Fotografía buena de día, limitada de noche

El sistema de cámaras es correcto, pero no brillante. El sensor principal Light Fusion 600 de 50 megapíxeles (f/1.5, con OIS) hace un trabajo digno en luz abundante. Los colores son naturales, el enfoque es rápido y la estabilización ayuda mucho en movimiento. La cámara frontal de 20 MP con focal de 21 mm es más que suficiente para videollamadas o selfies informales.

Pero hay una ausencia notoria el teleobjetivo. No hay zoom óptico, solo digital hasta 2X. Si buscas retratos con fondo desenfocado o fotos a distancia, tendrás que conformarte con lo que el software pueda hacer. Y en condiciones de poca luz, el procesado no siempre salva la escena. El análisis le otorga una nota de 7,25, lo que dice mucho es funcional, pero no excepcional.
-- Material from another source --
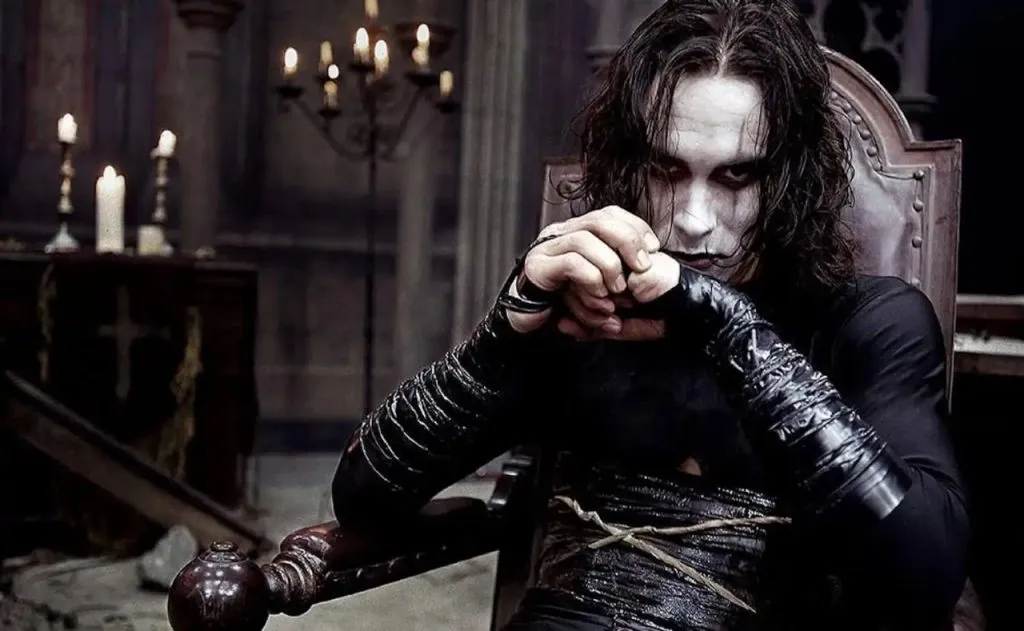 Brandon Lee como Eric Draven alias El Cuervo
Software con inteligencia, pero también con ruido

Llega con Android 16 y HyperOS 3.0, una combinación que promete actualizaciones prolongadas y funciones de IA integradas. Tiene Gemini y Xiaomi HyperAI por defecto, lo que permite tareas como resumir textos, traducir conversaciones o generar imágenes con comandos de voz. El Super Island alrededor de la cámara frontal muestra información contextual hora, notificaciones, música en reproducción. Es útil, aunque algo intrusivo si no se configura bien.

El software suma, pero también resta. Hay capas de personalización que, si no te gustan, pueden ralentizar la experiencia. Y aunque la nota en este apartado es 7,25, muchos usuarios preferirán la limpieza de otras capas más minimalistas.

Dónde brilla y dónde cojea

El veredicto final es claro este es un teléfono con prioridades bien definidas. La batería obtiene un 9,5 en la evaluación, el rendimiento un 8 y la pantalla un 8,5. El diseño, con 7,5, queda en segundo plano es funcional, sin pretensiones, con un peso de 218 gramos que se nota, pero no abruma. Las dimensiones (162,9 x 77,9 x 8,2 mm) lo hacen manejable, aunque no delgado.

  • Tecnología Wi-Fi 7, Bluetooth 6.0 y NFC están presentes
  • Certificación IP68 para resistencia al agua y polvo
  • Sensor de huella ultrasónico rápido y preciso
  • Corning Gorilla Glass 7i en pantalla y trasera
  • Puerto USB-C, doble nanoSIM, sin jack ni microSD

Está bien protegido, bien conectado y bien construido. Pero también es un dispositivo que exige decisiones si quieres su máxima potencia, necesitarás su cargador. Si buscas fotografías versátiles, echarás de menos un teleobjetivo. Y si planeas usarlo como consola portátil, prepárate para que se caliente.

El Poco X8 Pro Max no es perfecto, pero es honesto. No intenta ser todo para todos. Es un teléfono para quien valora la autonomía por encima de todo, para quien no quiere cargar cada noche, para quien prefiere una pantalla brillante y un rendimiento sólido antes que cámaras de alta gama. En un mercado donde muchos dispositivos se parecen, este tiene carácter. Y a veces, eso es más importante que tenerlo todo.